Puis, il murmura ces mots :

« Mon Dieu, venez-moi en aide ! »

Le temps lui était trop sévèrement mesuré pour qu’il pût en perdre, ne fût-ce que quelques minutes. Il posa sa main sur l’épaule de Jean. Jean se réveilla, ouvrit les yeux, se redressa, reconnut son frère et s’écria :

« Toi, Joann !…

— Plus bas… Jean… Parle plus bas ! répondit Joann. On peut nous entendre ! »

Et, de la main, il lui fit signe que la porte était gardée extérieurement.

Les pas du sergent s’éloignaient et se rapprochaient tour à tour le long du couloir.

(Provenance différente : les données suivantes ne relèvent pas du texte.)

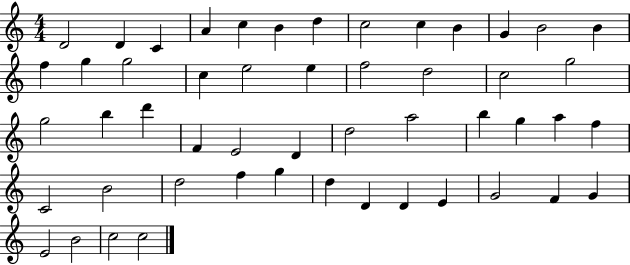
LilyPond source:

{
  \clef treble
  \numericTimeSignature
  \time 4/4
  \key c \major
  d'2 d'4 c'4 | a'4 c''4 b'4 d''4 | c''2 c''4 b'4 | g'4 b'2 b'4 | \break f''4 g''4 g''2 | c''4 e''2 e''4 | f''2 d''2 | c''2 g''2 | \break g''2 b''4 d'''4 | f'4 e'2 d'4 | d''2 a''2 | b''4 g''4 a''4 f''4 | \break c'2 b'2 | d''2 f''4 g''4 | d''4 d'4 d'4 e'4 | g'2 f'4 g'4 | \break e'2 b'2 | c''2 c''2 | \bar "|."
}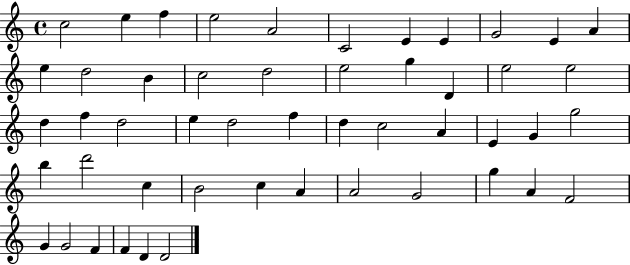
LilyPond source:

{
  \clef treble
  \time 4/4
  \defaultTimeSignature
  \key c \major
  c''2 e''4 f''4 | e''2 a'2 | c'2 e'4 e'4 | g'2 e'4 a'4 | \break e''4 d''2 b'4 | c''2 d''2 | e''2 g''4 d'4 | e''2 e''2 | \break d''4 f''4 d''2 | e''4 d''2 f''4 | d''4 c''2 a'4 | e'4 g'4 g''2 | \break b''4 d'''2 c''4 | b'2 c''4 a'4 | a'2 g'2 | g''4 a'4 f'2 | \break g'4 g'2 f'4 | f'4 d'4 d'2 | \bar "|."
}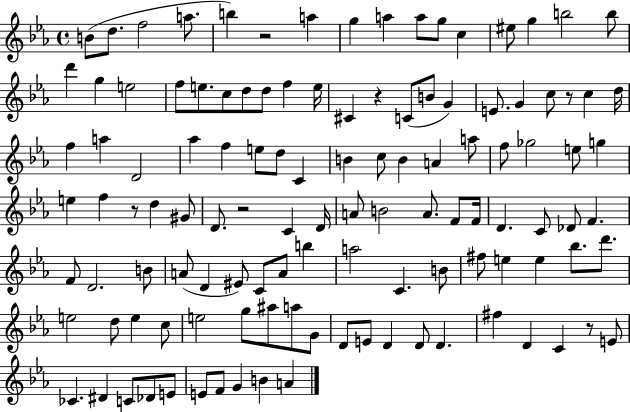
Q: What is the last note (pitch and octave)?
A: A4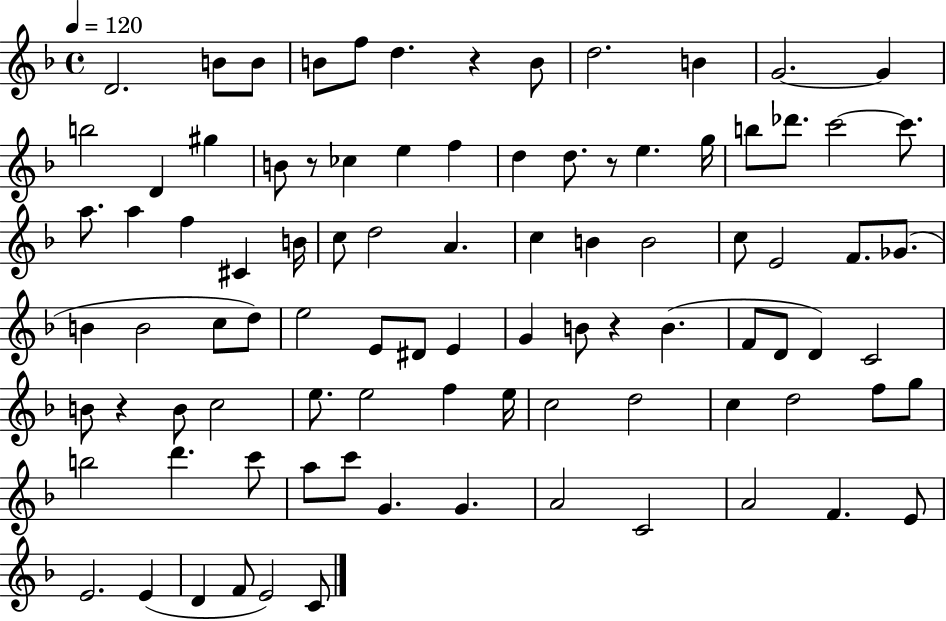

Jean, à demi habillé sous une couverture grossière, qui ne le protégeait que bien imparfaitement contre le froid de la cellule, se leva sans bruit.

Les deux frères s’embrassèrent longuement.

Puis, Jean dit :

« Notre mère ?…

— Elle n’est plus à Maison-Close !

— Elle n’y est plus ?…

— Non !

— Et M. de Vaudreuil et sa fille, auxquels notre maison avait donné asile ?…

— La maison était vide, lorsque je suis retourné dernièrement à Saint-Charles !

— Quand ?…

— Il y a sept jours !

— Et depuis, tu n’as rien su de notre mère, de nos amis ?

— Rien ! »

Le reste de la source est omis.